* Exercise:
Every line below between the line holding "2 bed 1st Floor" and the line holding "部队火锅-百年石锅饭·朝鲜族传统民餐", inclusive, should be repeated exactly, and all other lines omitted.

* Exercise input:
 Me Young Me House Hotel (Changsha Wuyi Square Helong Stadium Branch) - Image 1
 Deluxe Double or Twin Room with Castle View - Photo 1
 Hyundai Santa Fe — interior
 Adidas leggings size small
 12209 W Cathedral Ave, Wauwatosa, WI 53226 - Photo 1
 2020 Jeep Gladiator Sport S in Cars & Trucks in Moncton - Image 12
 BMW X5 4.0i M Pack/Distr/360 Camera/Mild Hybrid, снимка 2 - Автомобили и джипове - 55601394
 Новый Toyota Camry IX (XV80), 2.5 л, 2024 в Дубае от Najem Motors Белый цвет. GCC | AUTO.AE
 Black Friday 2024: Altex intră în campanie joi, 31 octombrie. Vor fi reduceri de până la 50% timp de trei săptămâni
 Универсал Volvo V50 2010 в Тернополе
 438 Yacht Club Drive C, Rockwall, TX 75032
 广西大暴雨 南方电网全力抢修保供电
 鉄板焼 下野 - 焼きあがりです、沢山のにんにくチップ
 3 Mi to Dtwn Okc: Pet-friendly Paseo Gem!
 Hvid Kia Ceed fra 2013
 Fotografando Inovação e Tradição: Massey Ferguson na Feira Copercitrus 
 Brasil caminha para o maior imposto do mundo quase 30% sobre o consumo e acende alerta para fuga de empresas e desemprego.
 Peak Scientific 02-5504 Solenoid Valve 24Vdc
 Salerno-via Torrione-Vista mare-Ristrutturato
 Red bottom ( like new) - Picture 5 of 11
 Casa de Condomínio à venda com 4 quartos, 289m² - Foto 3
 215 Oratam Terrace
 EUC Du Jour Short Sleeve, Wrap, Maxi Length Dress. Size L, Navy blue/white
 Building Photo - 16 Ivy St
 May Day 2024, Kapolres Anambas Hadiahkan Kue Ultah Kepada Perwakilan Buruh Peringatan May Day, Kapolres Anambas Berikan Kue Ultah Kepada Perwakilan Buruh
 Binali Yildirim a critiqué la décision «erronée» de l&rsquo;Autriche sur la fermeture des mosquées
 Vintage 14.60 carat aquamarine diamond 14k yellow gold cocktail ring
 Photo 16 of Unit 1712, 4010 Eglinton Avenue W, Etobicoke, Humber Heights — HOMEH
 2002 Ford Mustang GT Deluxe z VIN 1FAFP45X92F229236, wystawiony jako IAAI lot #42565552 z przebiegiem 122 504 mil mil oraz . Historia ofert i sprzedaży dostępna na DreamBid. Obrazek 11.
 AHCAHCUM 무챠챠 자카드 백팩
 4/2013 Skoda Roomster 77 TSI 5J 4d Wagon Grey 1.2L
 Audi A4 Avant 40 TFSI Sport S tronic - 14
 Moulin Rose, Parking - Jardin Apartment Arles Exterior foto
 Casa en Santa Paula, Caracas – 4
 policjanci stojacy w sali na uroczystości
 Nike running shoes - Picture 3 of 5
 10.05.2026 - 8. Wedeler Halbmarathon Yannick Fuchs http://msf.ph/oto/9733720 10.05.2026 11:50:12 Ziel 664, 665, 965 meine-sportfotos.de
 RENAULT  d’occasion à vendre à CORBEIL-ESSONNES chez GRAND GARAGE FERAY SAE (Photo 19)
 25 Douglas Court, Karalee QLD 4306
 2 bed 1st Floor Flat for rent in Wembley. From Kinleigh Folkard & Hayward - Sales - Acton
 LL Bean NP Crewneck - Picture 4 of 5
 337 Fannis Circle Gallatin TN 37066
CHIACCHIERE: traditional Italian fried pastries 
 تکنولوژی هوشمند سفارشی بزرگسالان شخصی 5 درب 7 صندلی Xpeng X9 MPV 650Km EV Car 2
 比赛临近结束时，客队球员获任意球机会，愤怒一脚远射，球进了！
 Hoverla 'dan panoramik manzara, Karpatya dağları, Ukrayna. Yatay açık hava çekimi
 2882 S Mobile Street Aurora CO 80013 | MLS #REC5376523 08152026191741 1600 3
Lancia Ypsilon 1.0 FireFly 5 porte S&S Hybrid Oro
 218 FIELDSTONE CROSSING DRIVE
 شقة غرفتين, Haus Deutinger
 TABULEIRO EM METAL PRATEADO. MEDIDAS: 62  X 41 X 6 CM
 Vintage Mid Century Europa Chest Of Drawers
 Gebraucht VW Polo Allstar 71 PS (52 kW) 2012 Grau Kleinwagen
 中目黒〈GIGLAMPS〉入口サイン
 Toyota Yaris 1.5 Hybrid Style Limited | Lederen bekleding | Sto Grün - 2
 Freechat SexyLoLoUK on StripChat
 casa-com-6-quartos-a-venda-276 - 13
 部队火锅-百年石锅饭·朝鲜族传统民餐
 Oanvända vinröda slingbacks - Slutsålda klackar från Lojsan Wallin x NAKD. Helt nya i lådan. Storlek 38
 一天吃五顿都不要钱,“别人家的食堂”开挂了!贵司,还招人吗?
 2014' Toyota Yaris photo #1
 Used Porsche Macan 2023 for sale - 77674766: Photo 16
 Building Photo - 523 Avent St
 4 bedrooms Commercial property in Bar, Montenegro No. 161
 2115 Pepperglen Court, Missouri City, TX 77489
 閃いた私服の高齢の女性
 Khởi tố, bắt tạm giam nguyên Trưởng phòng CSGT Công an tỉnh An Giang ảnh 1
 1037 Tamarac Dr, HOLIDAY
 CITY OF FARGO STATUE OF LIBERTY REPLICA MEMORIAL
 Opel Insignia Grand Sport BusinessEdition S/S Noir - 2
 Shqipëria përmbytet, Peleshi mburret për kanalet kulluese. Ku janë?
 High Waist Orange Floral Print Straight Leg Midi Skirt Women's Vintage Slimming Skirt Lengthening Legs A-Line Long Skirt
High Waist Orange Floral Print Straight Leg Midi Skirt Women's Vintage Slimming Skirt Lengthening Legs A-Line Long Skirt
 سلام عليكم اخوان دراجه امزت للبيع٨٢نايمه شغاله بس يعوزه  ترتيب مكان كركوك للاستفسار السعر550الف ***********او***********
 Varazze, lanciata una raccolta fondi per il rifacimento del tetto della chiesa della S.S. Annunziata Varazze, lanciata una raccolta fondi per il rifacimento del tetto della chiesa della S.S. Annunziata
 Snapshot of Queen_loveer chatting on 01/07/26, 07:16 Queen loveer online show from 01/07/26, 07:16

* Response:
 2 bed 1st Floor Flat for rent in Wembley. From Kinleigh Folkard & Hayward - Sales - Acton
 LL Bean NP Crewneck - Picture 4 of 5
 337 Fannis Circle Gallatin TN 37066
CHIACCHIERE: traditional Italian fried pastries 
 تکنولوژی هوشمند سفارشی بزرگسالان شخصی 5 درب 7 صندلی Xpeng X9 MPV 650Km EV Car 2
 比赛临近结束时，客队球员获任意球机会，愤怒一脚远射，球进了！
 Hoverla 'dan panoramik manzara, Karpatya dağları, Ukrayna. Yatay açık hava çekimi
 2882 S Mobile Street Aurora CO 80013 | MLS #REC5376523 08152026191741 1600 3
Lancia Ypsilon 1.0 FireFly 5 porte S&S Hybrid Oro
 218 FIELDSTONE CROSSING DRIVE
 شقة غرفتين, Haus Deutinger
 TABULEIRO EM METAL PRATEADO. MEDIDAS: 62  X 41 X 6 CM
 Vintage Mid Century Europa Chest Of Drawers
 Gebraucht VW Polo Allstar 71 PS (52 kW) 2012 Grau Kleinwagen
 中目黒〈GIGLAMPS〉入口サイン
 Toyota Yaris 1.5 Hybrid Style Limited | Lederen bekleding | Sto Grün - 2
 Freechat SexyLoLoUK on StripChat
 casa-com-6-quartos-a-venda-276 - 13
 部队火锅-百年石锅饭·朝鲜族传统民餐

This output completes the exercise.